Hyosung Heavy to build large liquid hydrogen plant
On Monday, Hyosung Heavy Industries and Linde Korea, the regional unit of the Ireland-based chemical company, held a groundbreaking event for a big liquefied hydrogen plant in Ulsan.
Slated for completion in May 2023, the factory will produce 13,000 tons of liquefied hydrogen per year -- which will make it the single largest liquefied hydrogen factory in the world, Hyosung claims.
Hyosung Heavy Industries wants to expand the factory’s annual capacity to 39,000 tons per year. The company did not cite a fixed deadline, saying it is a long-term goal.
The factory will take hydrogen gas naturally produced at Hyosung’s chemical plant in Ulsan and turn it into liquid form using Linde’s technology. Naturally produced as gas, hydrogen transforms into liquid form when at minus 252.7 degrees Celsius.
Liquefied hydrogen is much more cost-efficient to store and transport, as its volume is one-800th its natural gas form. Another advantage is that it can be used to charge faster, especially large vehicles like buses or trucks.
“Hydrogen energy will lay the foundations for revolutionizing our energy consumption pattern,“ said Hyosung Group Chairman Cho Hyun-joon.
“We will lead that paradigm shift through continuous investments. Hyosung’s early days trace back to Ulsan. I’m glad our new chapter for the next century starts here.”
Under an agreement signed in February, Hyosung Heavy Industries and Linde Korea established two joint ventures.
Linde Hydrogen Energy will take charge of producing liquefied hydrogen production and operate the Ulsan factory.

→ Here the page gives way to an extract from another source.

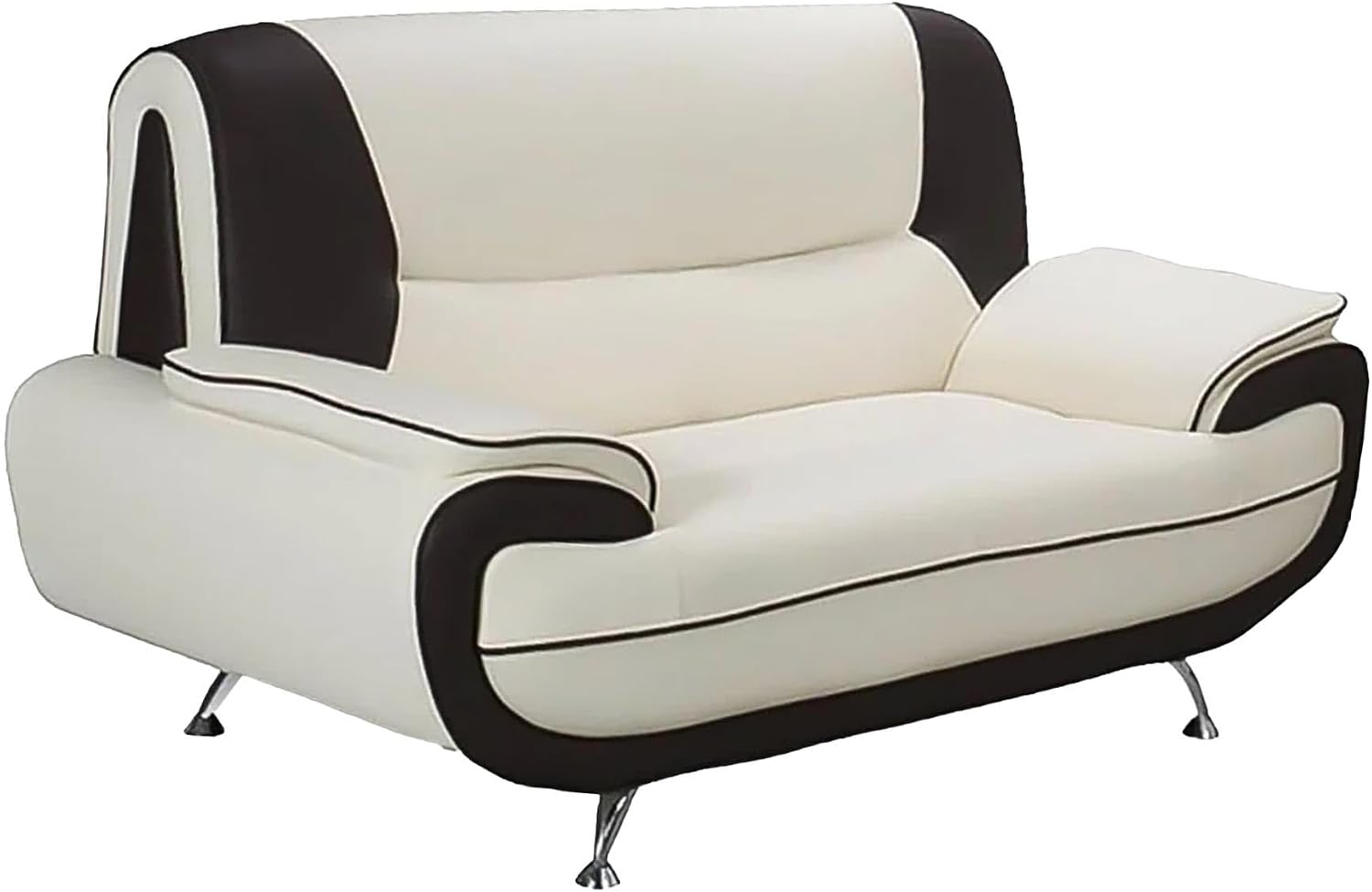 MUZA - Canapé Design 2 Places en Simili Cuir Blanc et Noir – Canapés et divans, Mobilier-Deco, Blanc/Noir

Hyosung Hydrogen will oversee marketing of the factory’s output, including the installation of liquefied hydrogen charging stations in Korea.

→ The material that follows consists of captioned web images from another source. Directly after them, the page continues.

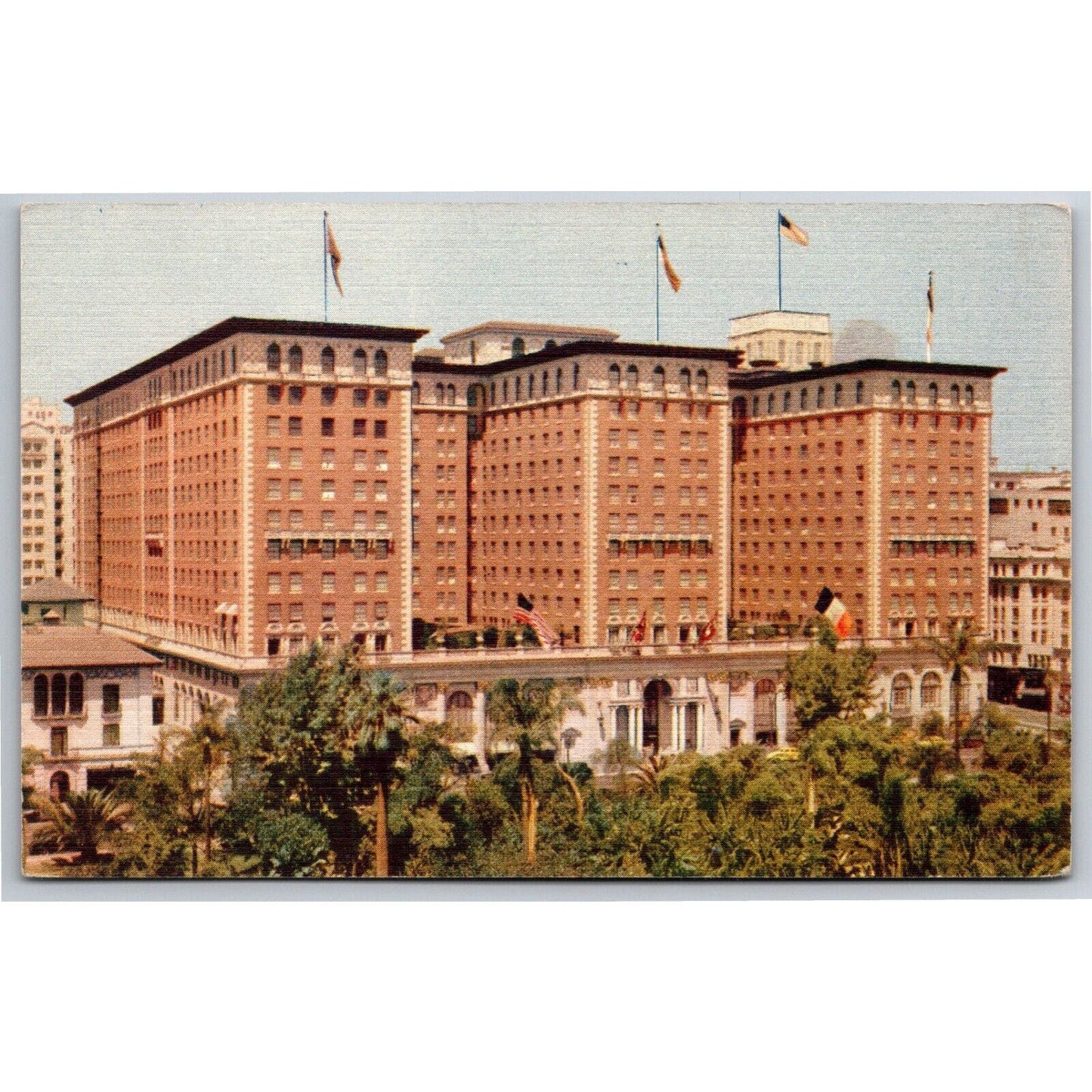 Los Angeles Biltmore Hotel Linen Postcard c1930's-40's NP VGC
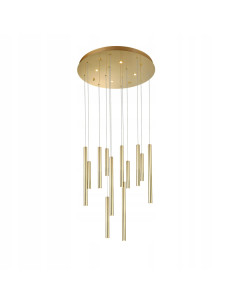 Lampa wisząca ILIOS 12 LED w złotym wykończeniu – elegancka i nowoczesna do salonu, biura oraz SPA.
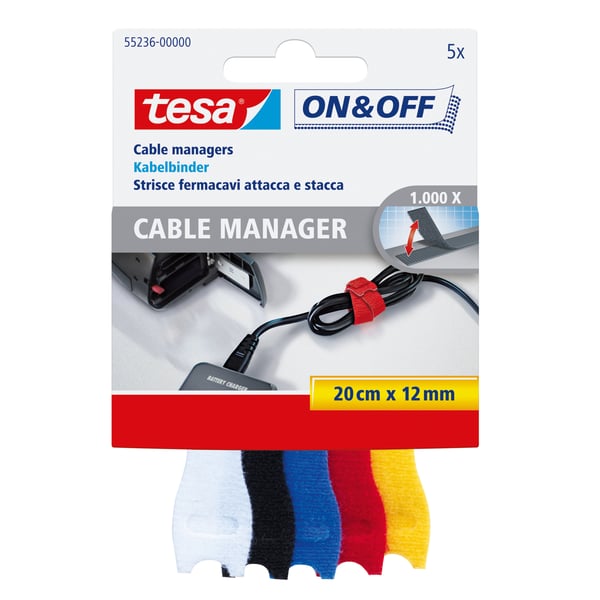 Tesa On & Off - Kabelbinder - Sort, hvid, Blå, Gul, Rød - 20 cm (Pakke med 5)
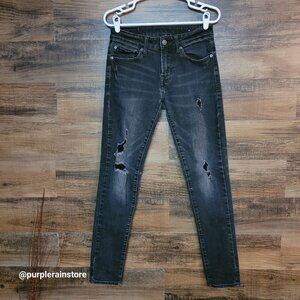 American Eagle Jeans Size 28x32 Skinny Black Wash Flex Stretch Denim Ripped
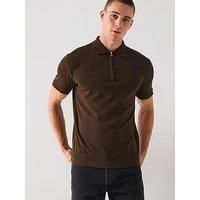 Selected Homme Fave Zip Polo Shirt - Brown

In July 2020, the Korean government announced the goal of more than 1,200 hydrogen chargers in the country by 2030.
At the moment, Korea has around 50 hydrogen chargers nationwide for hydrogen-powered vehicles. Hyosung Heavy Industries is the largest operator in the country with 18 chargers, equivalent to 35 percent.

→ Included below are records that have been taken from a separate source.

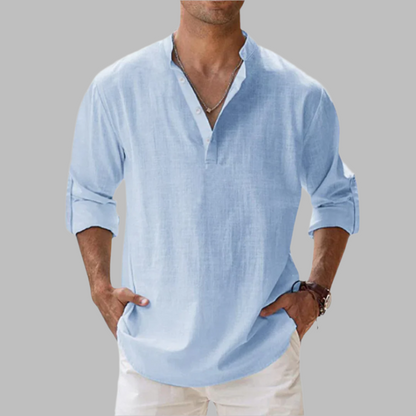 Men's Relaxed Fit Linen Shirt for Summer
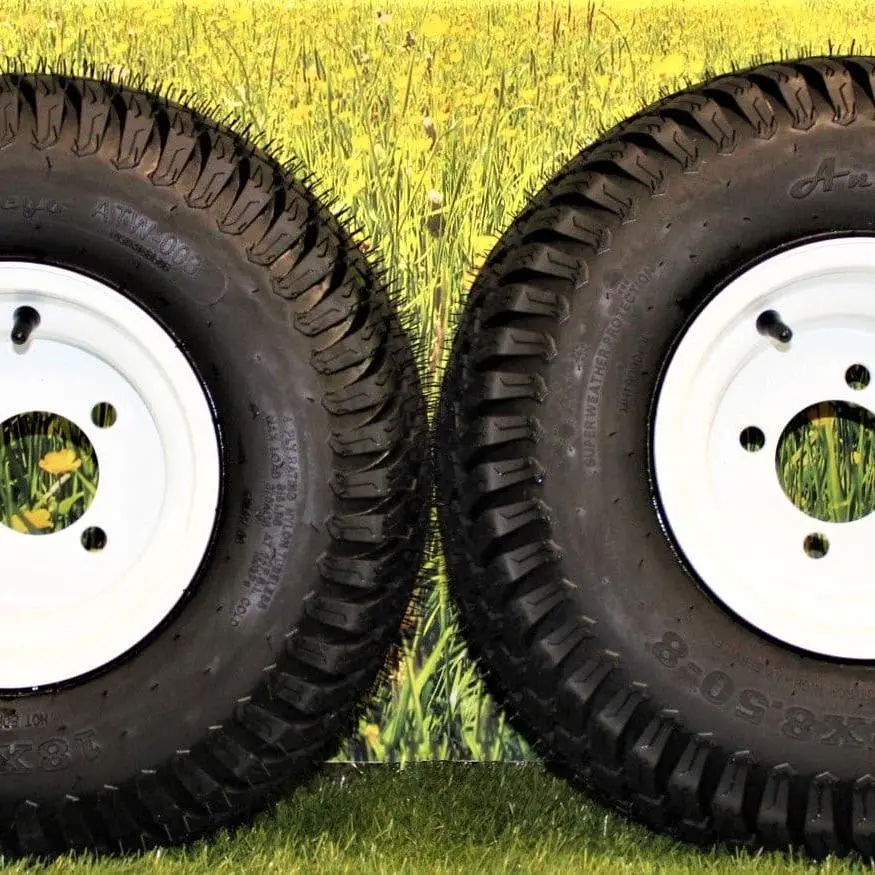 18X8.50-8 Turf Tires On 8X7 White Steel Wheel 2-Pack For Select Mowers & Golf Carts 1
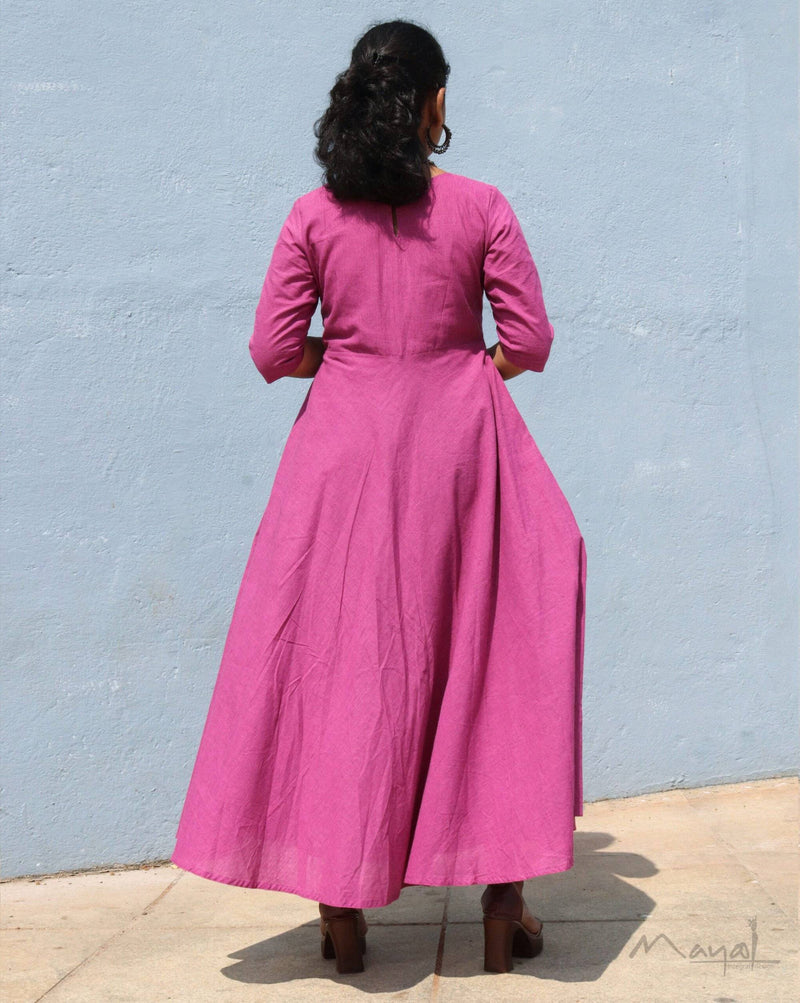Magenta Pink Cotton Twirl Dresses with Hand Embroidery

Hyosung and Linde’s factory is a big step in building Korea’s overall hydrogen ecosystem. No Korean company mass produces liquefied hydrogen. Every hydrogen charger at the moment uses hydrogen gas.
Apart from the Ulsan factory, Hyosung Group announced other big business initiatives that involves hydrogen during the groundbreaking event.
With Linde, Hyosung will develop technologies for making equipment for collecting and liquefying carbon dioxide that’s naturally produced in industries like petrochemicals and oil refineries. The Korean company will also push efforts to build equipment for “green” hydrogen, which refers to hydrogen made with renewable energy sources like solar and wind power.